## [Assigned task]
Full transcription, minus images: write out the listing below exactly as it appears.

## [Exercise data]
>>>
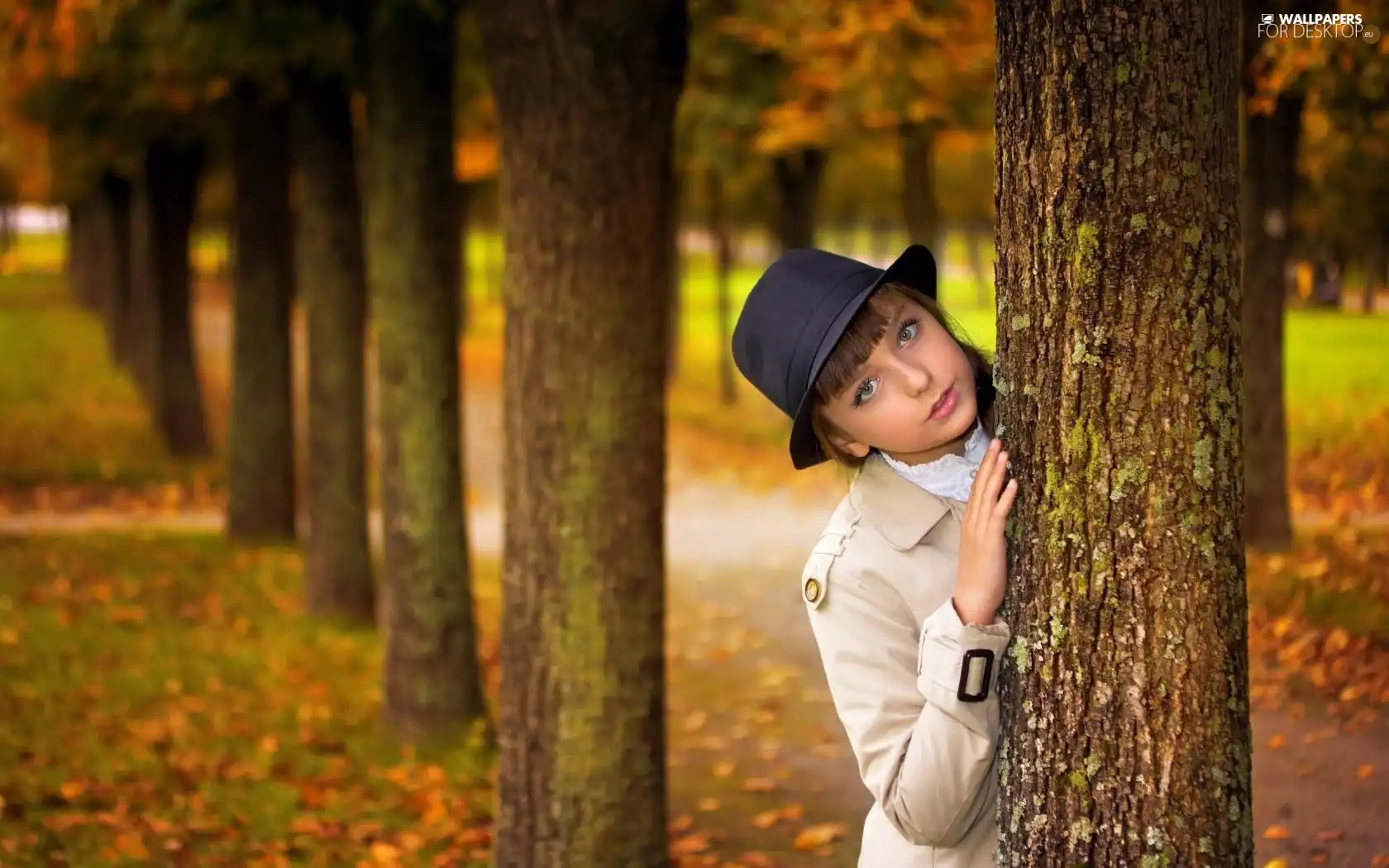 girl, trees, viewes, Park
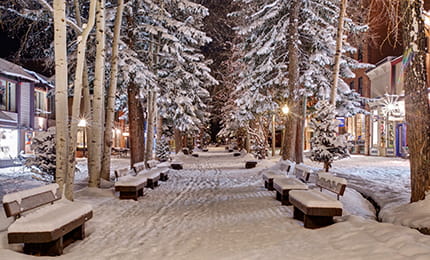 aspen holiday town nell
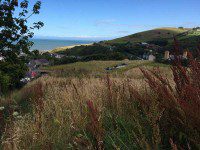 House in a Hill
<<<
## [Answer below]
 girl, trees, viewes, Park
 aspen holiday town nell
 House in a Hill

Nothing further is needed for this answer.